Minimum GPU for photo/ilustration and no animation
guilhermecugler
Posts: 0
What is the minimum GPU to render still images and illustrations without the need to render animations?
and can an CPU A10 5800K + GPU work fine only to those functions?
Comments
I personally consider 12GB of Nvida based GPU RAM to be the minimum for Iray rendering in Daz Studio. More GPU RAM would be better. It can be done with 8GB. I am using an 8GB card currently, however it is very limiting. If you can afford and your hardware can support a +24GB Nvida based GPU you will be much better off.
Basically it depends on what types of and how much content you intend to use in your scenes. With the right content you can render fairly complex scenes even with 8 GB VRAM, with the wrong content you can hardly do anything. So the less VRAM you have, the more limited you are in your choices, like @dtrscbrutal says. There are different tricks you can use to limit the VRAM the content is using though, so it all depends.

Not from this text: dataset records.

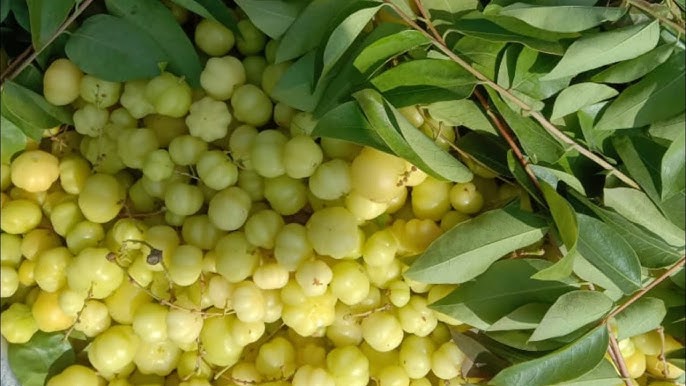 Health benefits of Amla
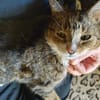 Hübscher älterer Kater Little Un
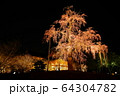 ライトアップされた桜と寺院 64304782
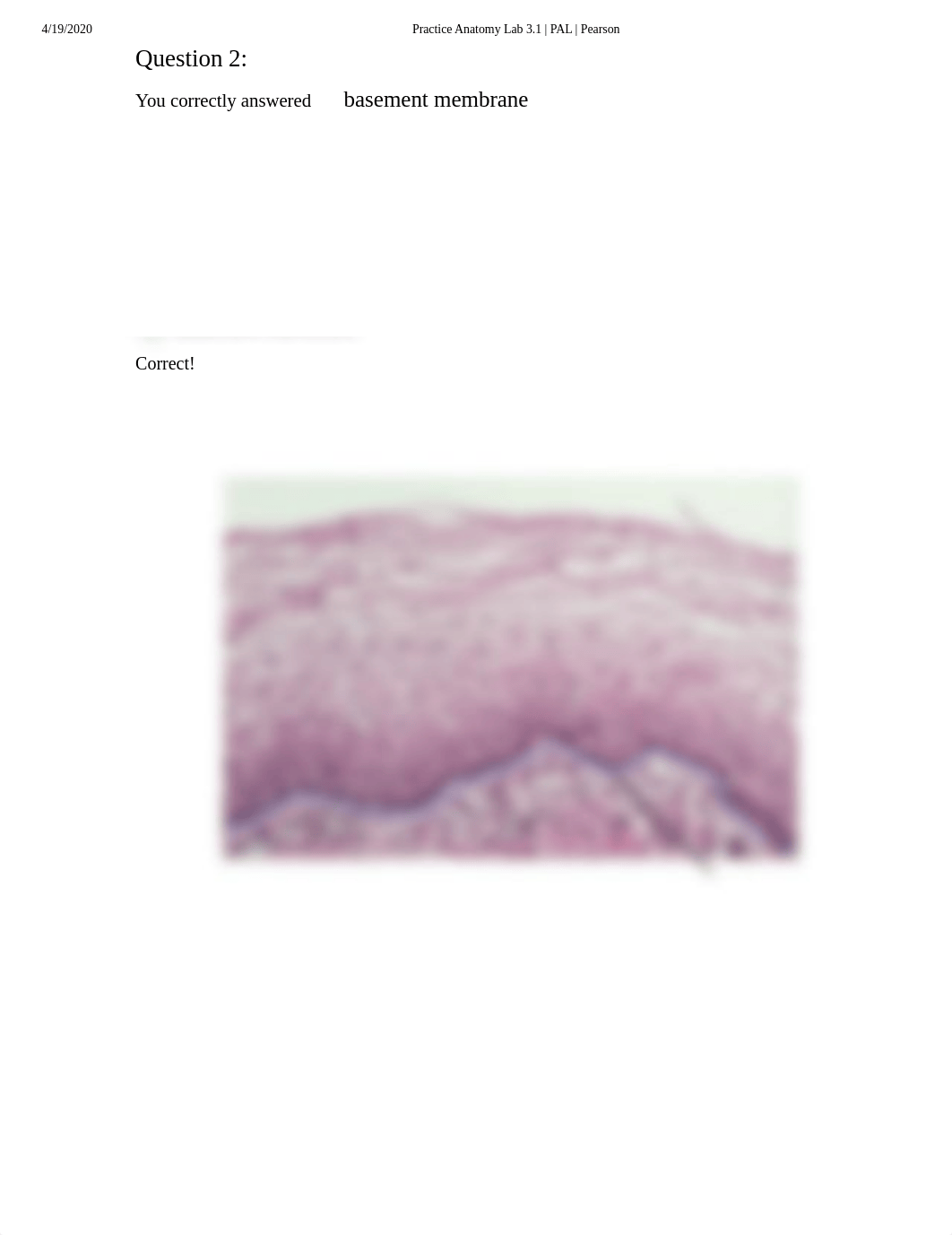 Doris Bowdre Histology  Reproductive System Quiz.pdf_d7sfqb9d0d0_page3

Also consider that the more VRAM a GPU has, the faster it usually is which can be an important factor as well.
Here are some examples showing what can be done on a PC with an old GTX1070 with only 8 GB VRAM, using the right content:
https://3dcontentmanagers.com/misc/3d_render_samples/
If you don't need to animate then you may also consider to don't use the gpu at all. This will save you a lot of money and iray will render just fine on the cpu, as well as dforce. This will also use about half the ram since there's no need to double the buffers for iray, so you need less ram too. And large scenes will always fit since you don't use vram.
The rendering time will be of course slower but if you only need to render single pictures it may be acceptable.

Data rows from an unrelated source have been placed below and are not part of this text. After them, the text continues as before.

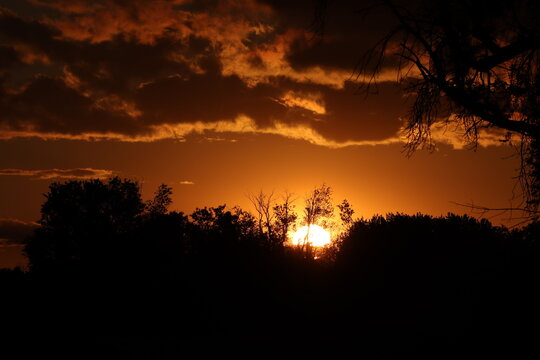 sunset in the forest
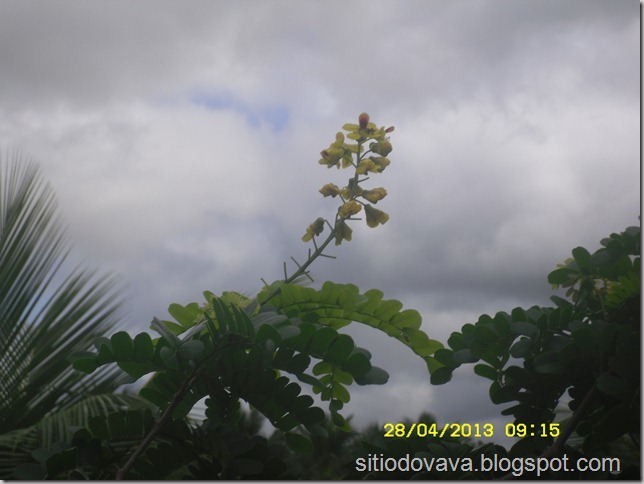 flor do pau-brasil flor do pau-brasil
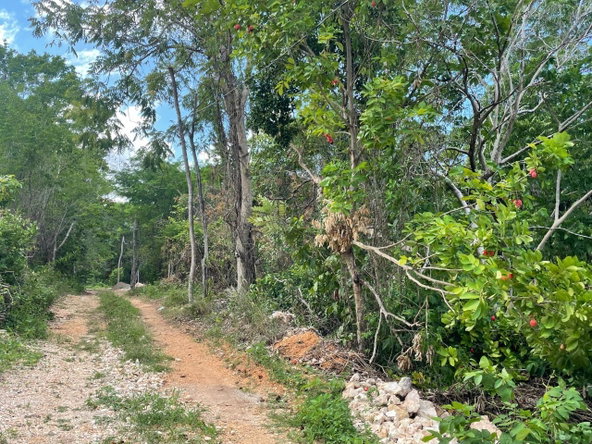 Third image of 19g Land Part of Dumbarton in Discovery Bay, St. Ann, Jamaica - property is For Sale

Unless something has chnaged recently I don't believe that AMD CPUs are a vaialble as OpenCL devices for dForce simulations - there is an OpneCL driver fro Intel CPUs. Certainly my Ryzen does not appear as an available device..

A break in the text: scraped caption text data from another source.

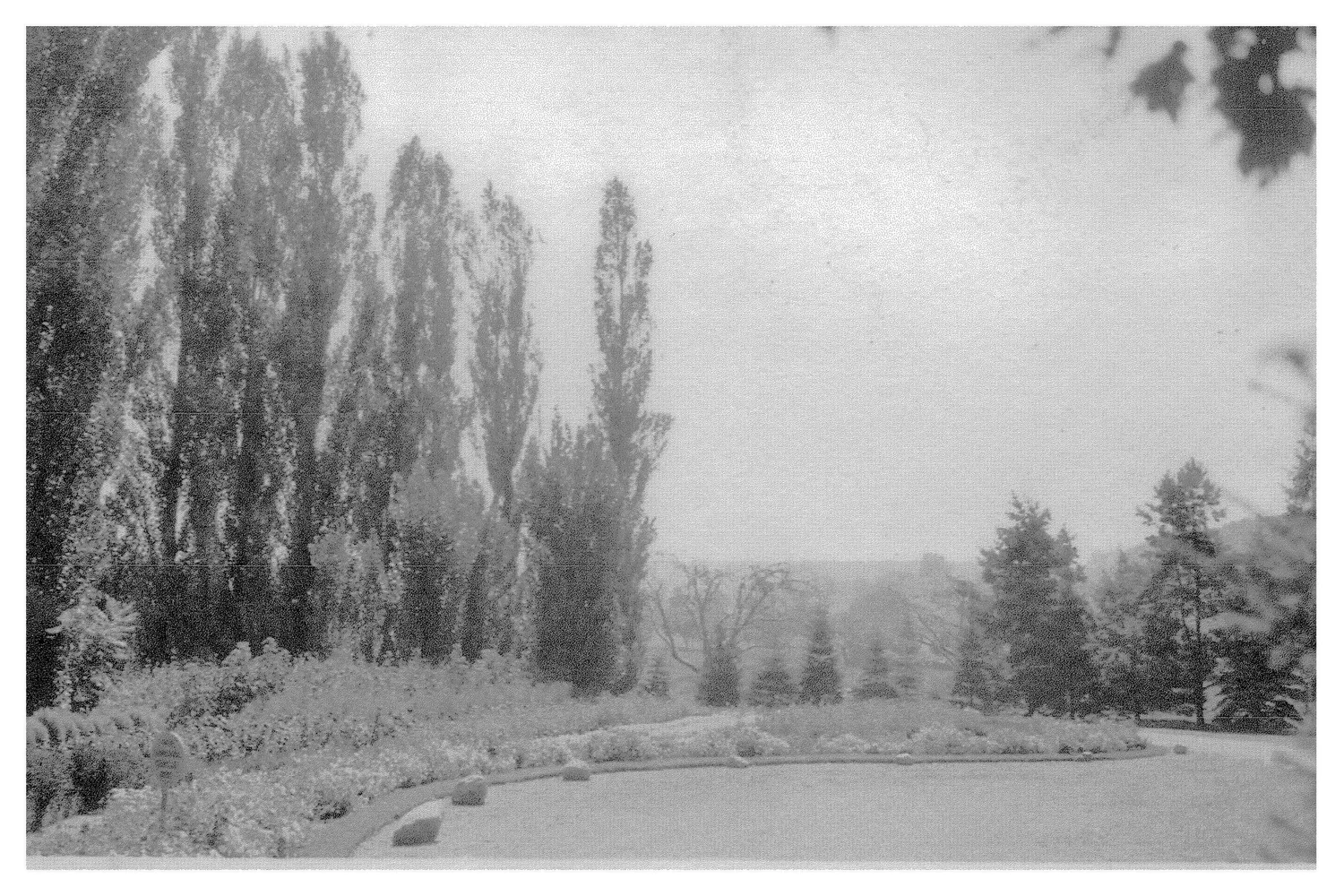 The Fairfield Estate — photograph 170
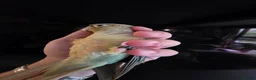 Conures birds for sale:  Hand readed Mooncheek Conure with Full Setup  in Montacute - Advert 13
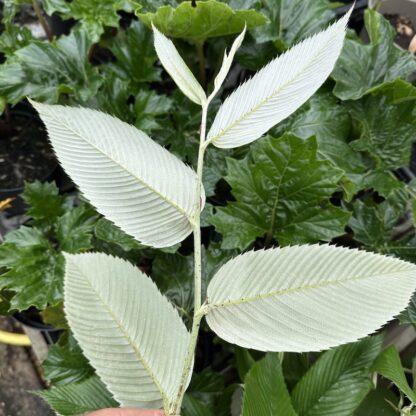 Rubus calophyllus - Image 2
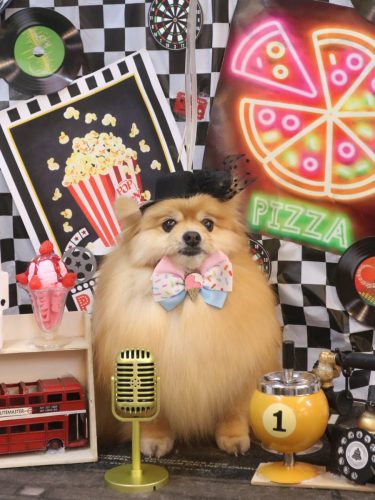 20260419梛都ちゃん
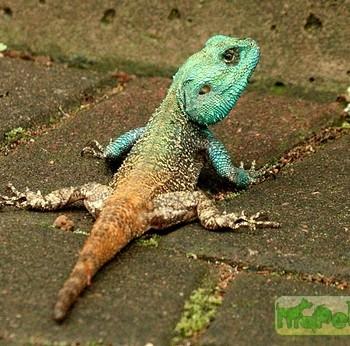 Agama atricollis (Агама древесная)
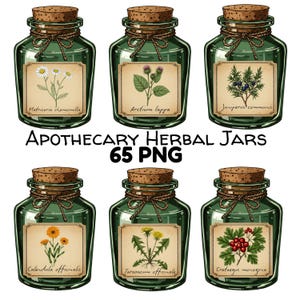 Vintage Apothecary Jar Clipart Bundle 65 Herbal Bottles PNG Digital Download Herbal Apothecary Clipart Vintage Spices Digital Antique Bottle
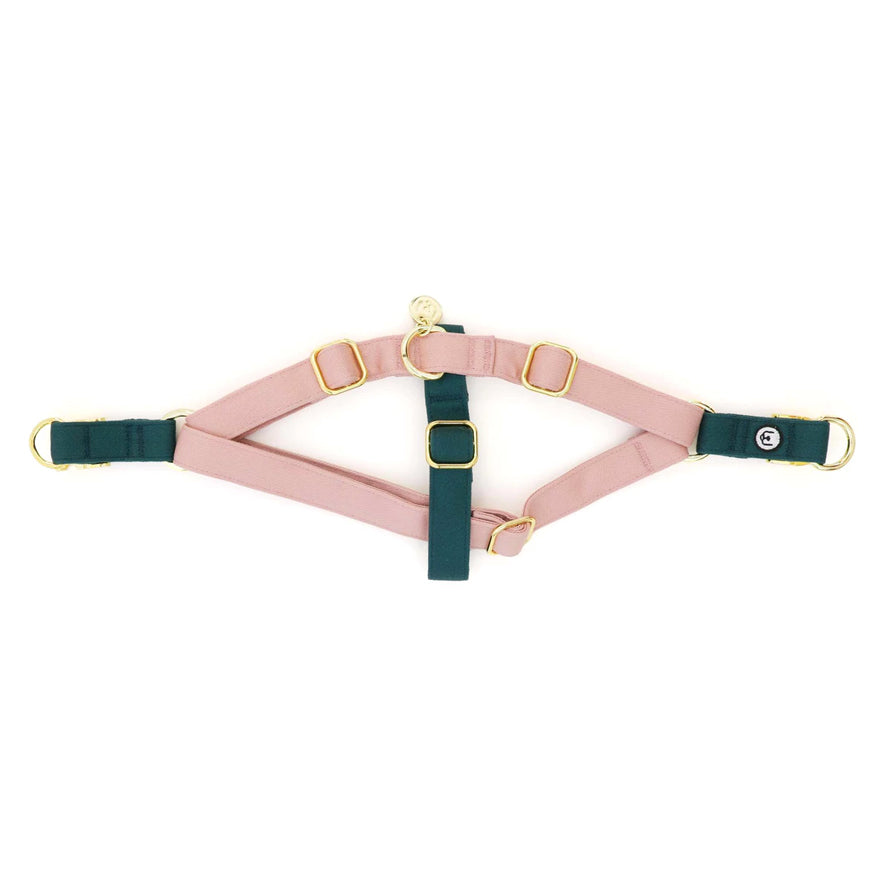 Eat Play Wag Duo-Clip Harnesses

From my experiments, if one renders on CPU, more RAM is used and it takes 10-20+ times longer to render one scene -> Rendering only when sleeping.
Plus CPU rendering uses a lot of power too. My CPU uses about the same power as my GPU at full load (about 100 watt) but it takes over 20 times longer to render the same scene using the CPU.
So in my case, if we say the scene takes 20 hours to render on CPU at 100 W / hour that's a total of 2 kWh. On GPU the same scene renders at only 1 hour with GPU at 100% + CPU at 30% which is a total of about only 0.13 kWh. And the rest of the hardware (boards, fans, disks etc.) also uses a certain amount of power during rendering which is multiplied by a factor 20 with CPU rendering, compared to GPU rendering.
So, other things being equal, you can actually save a good deal of money on your electricity bill using a GPU, plus you also have enough CPU power to do other things on the PC while rendering.
No Mac and only Nvidea GPUs starting from RTX 3060 with 12 gig VRam!
Invest as much into your hardware as possible.
One quick way to "render" is to set the viewport in iray photoreal mode then snapshot the viewport. For some reason this takes much less ram and vram than a photoreal iray render, but the image quality is almost the same. This is not good to render animations or high resolution images, but it may be good enough in some situations, for example if you only need to render pictures for comics to be composited in photoshop or gimp.
p.s. Yes for dforce you need a intel cpu or amd apu, since amd cpus don't get a opencl driver. As for memory and speed, I can confirm that here the gpu takes more memory than the cpu, and I find it expected since the buffers are to be doubled for the gpu, then the speed depends greatly on the render settings and scene optimizations, and I do mean greatly.